As nossas idéias, conceitos (e preconceitos) e, principalmente, as nossas ações, estão, sem que na maioria das vezes nos apercebamos, sob permanente questionamento no meio em que vivemos. Os princípios e atos que trazem resultados positivos, mesmo quando têm falhas e contradições, passam neste teste informal, nem sempre percebido.
Todavia, aqueles que, por uma razão ou por outra, em virtude de circunstâncias adversas que via de regra fogem da nossa competência, mesmo que corretos em sua essência, recebem reprovação generalizada dos que nos cercam.

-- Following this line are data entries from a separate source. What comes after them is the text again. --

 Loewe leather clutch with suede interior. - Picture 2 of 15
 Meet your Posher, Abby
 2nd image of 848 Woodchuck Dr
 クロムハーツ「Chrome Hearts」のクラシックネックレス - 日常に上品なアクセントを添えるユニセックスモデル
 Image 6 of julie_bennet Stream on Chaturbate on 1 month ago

O desejável consenso, salvo raras e honrosas exceções (e assim mesmo, quando ocorre, é somente daquilo que é absolutamente óbvio) fica, apenas, no terreno do desejável, quando não só da nossa vontade.

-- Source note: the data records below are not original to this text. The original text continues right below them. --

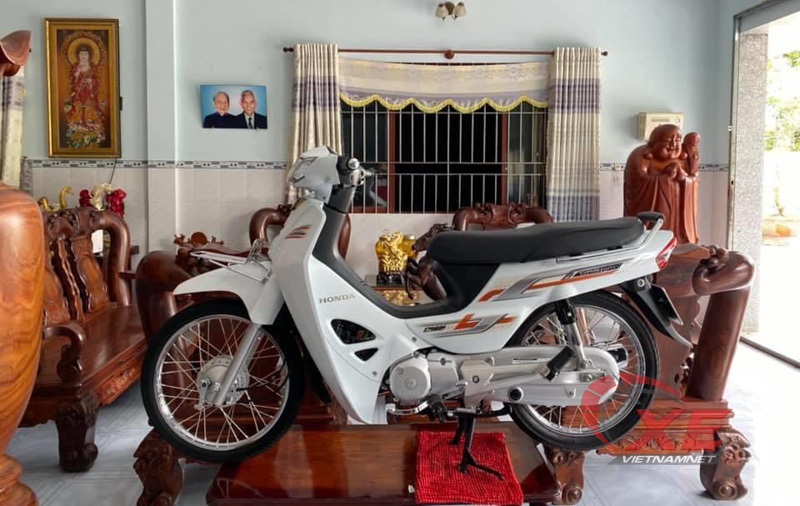 Dân chơi Long An sắm Honda Dream 125 chỉ trưng trong nhà giá 280 triệu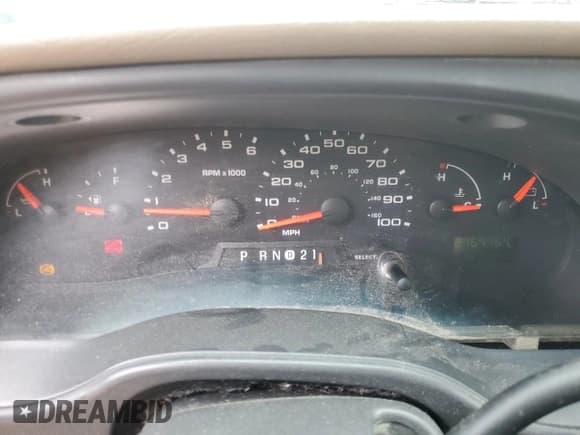 ✅ 2006 Ford Econoline Passenger XL • VIN: 1FBNE31L56HA16906 • Lot: 55937755. Listed on Copart with 216,416 mi. Free auction sales archive from the USA and detailed vehicle history report at DreamBid. Image 9.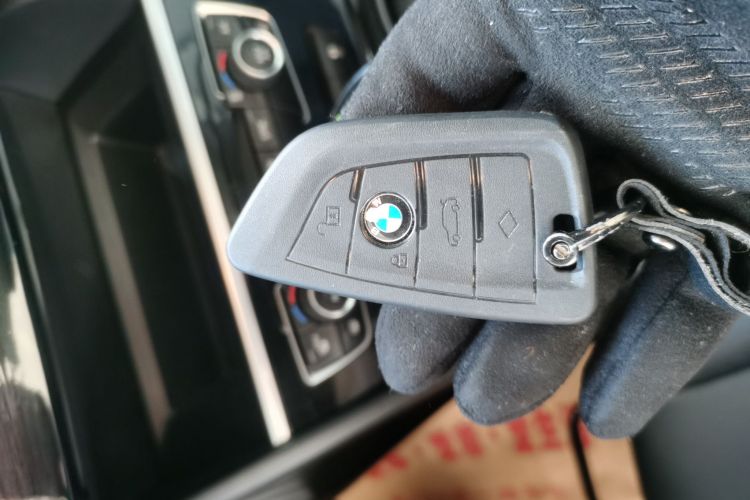 宝马2系旅行车 2018款 218i 领先型中控内饰7001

Raras são as pessoas que cultivam o salutar hábito de pensar. Não, é claro, de se deter em banalidades, em coisas triviais e inócuas, que não tragam bem algum, a quem quer que seja, e não raro, até, redundem em males para a comunidade.
Raramente nos detemos, por exemplo, a considerar os grandes princípios éticos e morais que deveriam nortear a nossa conduta individual e social. Não questionamos, por falta de conhecimento, e por completo desinteresse, as várias correntes filosóficas, ou antropológicas, ou sociológicas, ou comportamentais, ou artísticas, não importa de que natureza sejam, capazes de mudar os rumos dos acontecimentos, tanto de um grupo restrito de indivíduos, quanto da humanidade.
Aceitamos, passivamente, sem contestar, dogmas absurdos, ultrapassados, canhestros, por absoluta falta do exercício do raciocínio. Agimos como se pensar fosse um ato doloroso, incômodo, ruim, quando, obviamente, não é. É prazeroso e construtivo. Trata-se do mais legítimo exercício da nossa racionalidade, que é o que nos distingue dos demais animais. Vivemos nos queixando da falta de tempo, para pensar e conseqüentemente para agir de conformidade com esses pensamentos quando, na verdade, o malbaratamos em coisas inúteis e sem nenhum valor.
Algumas idéias, convém ressaltar; vingam somente muitos anos (às vezes até séculos) depois da morte de quem as concebeu. Qual a razão? Em geral, isto se deve ao fato de surgirem fora do seu devido tempo, prematuras, como sementes lançadas em terreno estéril e pedregoso. Exemplo? O caso de Galileu, quando afirmou que o Sol era o centro do nosso sistema, e não a Terra, como ditava dogma, então vigente, determinado pela Igreja.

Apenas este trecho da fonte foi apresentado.